I don't think any Worldcon is likely to appoint McCarty again, even without directives. Some of the lower flunkies were perhaps naive or ill-informed and not as responsible. My belief is that we should learn our lesson from this, as we did from the Puppies affair, and move on. A constitutional provision specifically prohibiting the erroneous acts of Chengdu couldn't hurt, but being aware that this flaw in administration could happen is the best way to prevent it from happening again.

Date: 2024-02-19 07:12 pm (UTC)
conuly: (Default)
From: [personal profile] conuly
Did you intend to post this all in italics or did you forget to close that tag?

Also: good points, all.

Date: 2024-02-19 10:28 pm (UTC)
sturgeonslawyer: (Default)
From: [personal profile] sturgeonslawyer
My own thought is that the Hugo Awards have become big enough, and important enough, that WSFS should engage a respectable* and bonded firm like PwC or E&Y (who serve the Oscars and Emmys, respectively) to count the nominations and the votes.

This would, obviously, cost money. I can't think of a better use for the $40,000 handover fund from Chengdu that Glasgow rejected; it would "cleanse" the money nicely.

The requirements for nominating and voting need not change in any way shape or form...

--------
* Modulo, of course, some definition of "respectable" applicable to accounting firms...

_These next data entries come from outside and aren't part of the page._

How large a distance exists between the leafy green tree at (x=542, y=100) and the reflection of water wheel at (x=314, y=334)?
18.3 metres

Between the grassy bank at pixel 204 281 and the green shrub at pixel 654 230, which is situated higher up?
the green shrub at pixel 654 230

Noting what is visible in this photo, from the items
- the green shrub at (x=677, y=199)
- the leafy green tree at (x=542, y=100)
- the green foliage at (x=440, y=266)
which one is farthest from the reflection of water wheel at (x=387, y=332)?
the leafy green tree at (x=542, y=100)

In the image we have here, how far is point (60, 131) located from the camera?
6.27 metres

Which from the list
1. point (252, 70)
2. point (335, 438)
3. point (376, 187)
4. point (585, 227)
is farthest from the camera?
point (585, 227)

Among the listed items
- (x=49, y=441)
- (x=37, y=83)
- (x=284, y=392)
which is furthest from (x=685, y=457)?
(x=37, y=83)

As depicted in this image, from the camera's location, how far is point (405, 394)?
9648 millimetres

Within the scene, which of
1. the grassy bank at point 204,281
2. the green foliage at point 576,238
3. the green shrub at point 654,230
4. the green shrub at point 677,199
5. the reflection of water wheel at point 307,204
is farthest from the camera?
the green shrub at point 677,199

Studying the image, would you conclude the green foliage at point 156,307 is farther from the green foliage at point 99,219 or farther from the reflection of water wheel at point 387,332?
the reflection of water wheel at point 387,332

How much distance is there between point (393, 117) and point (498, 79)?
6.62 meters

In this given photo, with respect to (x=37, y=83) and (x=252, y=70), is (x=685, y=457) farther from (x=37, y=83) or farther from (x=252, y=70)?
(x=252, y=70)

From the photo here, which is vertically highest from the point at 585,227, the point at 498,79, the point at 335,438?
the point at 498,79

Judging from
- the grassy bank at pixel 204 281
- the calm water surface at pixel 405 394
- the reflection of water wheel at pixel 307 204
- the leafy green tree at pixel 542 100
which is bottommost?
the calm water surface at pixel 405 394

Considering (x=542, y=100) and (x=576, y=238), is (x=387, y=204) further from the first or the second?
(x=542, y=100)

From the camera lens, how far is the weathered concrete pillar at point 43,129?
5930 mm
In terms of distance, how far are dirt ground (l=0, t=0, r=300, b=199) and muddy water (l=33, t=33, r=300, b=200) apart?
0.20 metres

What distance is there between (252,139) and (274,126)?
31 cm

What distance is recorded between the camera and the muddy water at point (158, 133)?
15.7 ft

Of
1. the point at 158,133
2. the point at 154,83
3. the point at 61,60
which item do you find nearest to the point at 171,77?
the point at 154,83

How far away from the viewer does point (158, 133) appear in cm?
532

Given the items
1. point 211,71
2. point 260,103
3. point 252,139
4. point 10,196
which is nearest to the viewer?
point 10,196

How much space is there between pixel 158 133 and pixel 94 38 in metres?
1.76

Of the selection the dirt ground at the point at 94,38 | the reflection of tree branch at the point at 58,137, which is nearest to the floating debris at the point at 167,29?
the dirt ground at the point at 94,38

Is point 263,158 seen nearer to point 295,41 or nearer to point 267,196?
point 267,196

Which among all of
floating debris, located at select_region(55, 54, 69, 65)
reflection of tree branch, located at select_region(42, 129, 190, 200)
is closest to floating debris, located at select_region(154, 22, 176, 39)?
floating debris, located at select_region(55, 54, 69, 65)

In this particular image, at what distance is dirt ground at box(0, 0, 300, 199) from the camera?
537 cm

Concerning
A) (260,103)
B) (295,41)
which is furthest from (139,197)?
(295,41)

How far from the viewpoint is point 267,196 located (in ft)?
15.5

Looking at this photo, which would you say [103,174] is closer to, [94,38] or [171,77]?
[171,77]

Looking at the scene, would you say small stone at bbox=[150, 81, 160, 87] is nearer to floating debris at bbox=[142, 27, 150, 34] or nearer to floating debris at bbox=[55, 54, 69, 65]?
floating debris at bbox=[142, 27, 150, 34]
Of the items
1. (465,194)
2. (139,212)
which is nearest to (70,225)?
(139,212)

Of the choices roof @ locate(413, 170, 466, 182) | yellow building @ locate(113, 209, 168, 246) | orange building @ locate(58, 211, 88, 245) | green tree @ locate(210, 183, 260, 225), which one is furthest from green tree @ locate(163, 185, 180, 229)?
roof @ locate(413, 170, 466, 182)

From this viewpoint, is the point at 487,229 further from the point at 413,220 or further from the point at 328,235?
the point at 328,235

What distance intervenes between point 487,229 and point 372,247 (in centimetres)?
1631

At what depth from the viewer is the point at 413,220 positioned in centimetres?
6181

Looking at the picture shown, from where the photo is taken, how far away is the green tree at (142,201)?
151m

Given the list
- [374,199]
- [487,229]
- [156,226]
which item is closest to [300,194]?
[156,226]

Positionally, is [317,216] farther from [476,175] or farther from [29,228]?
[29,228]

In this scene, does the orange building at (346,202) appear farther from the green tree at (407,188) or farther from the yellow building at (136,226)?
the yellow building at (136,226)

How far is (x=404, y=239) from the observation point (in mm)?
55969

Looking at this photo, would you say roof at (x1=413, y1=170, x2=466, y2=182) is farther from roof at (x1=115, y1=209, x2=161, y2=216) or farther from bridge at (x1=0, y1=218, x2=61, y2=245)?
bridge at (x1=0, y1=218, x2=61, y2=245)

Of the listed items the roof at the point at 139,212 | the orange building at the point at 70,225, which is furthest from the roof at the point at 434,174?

Date: 2024-02-19 10:57 pm (UTC)
sturgeonslawyer: (Default)
From: [personal profile] sturgeonslawyer
Yes, that self-same PwC. Mistakes happen everywhere; the points are to (a) minimize mistakes, (b) put a permanent structure in place that is independent of the hosting city or country, (c) make the whole deal more "respectable" as the awards continue to become more respected outside of fandom. And other things I'm not thinking of right now.

Date: 2024-02-20 12:04 am (UTC)
sturgeonslawyer: (Default)
From: [personal profile] sturgeonslawyer
McCarty did indeed make a mistake. Mistakes have, or should have, consequences. PwC immediately accepted responsibility, apologized to all involved, and fired the accountants responsible for the La La Land screwup.

Dave McCarty also has to face the consequences, first of his part in the censoring of the Hugoes, and second of his rather lame attempts to cover it up.

Mistakes are inevitable, never acceptable, and always forgivable if and only if the party who makes the mistake acknowledges it and accepts the consequences.

Well!

Date: 2024-02-20 10:46 pm (UTC)
lsanderson: (Default)
From: [personal profile] lsanderson
Found in today's NYTimes:

'Powerball Posted the Wrong Numbers. Now He’s Suing for $340 Million.
Powerball organizers in Washington, D.C., said they “mistakenly posted” winning numbers in January 2023. The holder of those numbers is suing for negligence and emotional distress.'

https://www.nytimes.com/2024/02/20/us/powerball-lottery-lawsuit.html

On Conrunning

Date: 2024-02-20 12:03 am (UTC)
lsanderson: (Default)
From: [personal profile] lsanderson
I cannot imagine why so many people who have such brilliant suggestions on HOW THINGS SHOULD BE DONE, are never around when things actually need to be done. Granted it's been a couple of years since I helped run a con, but everybody with bright ideas seems to want you to run with their ideas after they did all the work coming up with them.
Edited Date: 2024-02-20 12:05 am (UTC)

Re: On Conrunning

Date: 2024-02-20 12:07 am (UTC)
sturgeonslawyer: (Default)
From: [personal profile] sturgeonslawyer
Fair enough. I, personally, have never been involved in the running of a con or award (beyond a couple of years of doing Ook-Ook work at BayCons some decades ago): but the somewhat anarchic nature of fandom is that anyone is allowed, or even encouraged, to have an opinion and make suggestions.

I would certainly be willing to pay a few dollars more for my next WorldCon membership if those dollars went to a good answer to the Hugo conuncrum.

Date: 2024-02-20 12:42 am (UTC)
voidampersand: (Default)
From: [personal profile] voidampersand
You are talking sense. But sensible is not what most fans want. They want Someone In Charge to Take Care Of The Problem and make it never happened.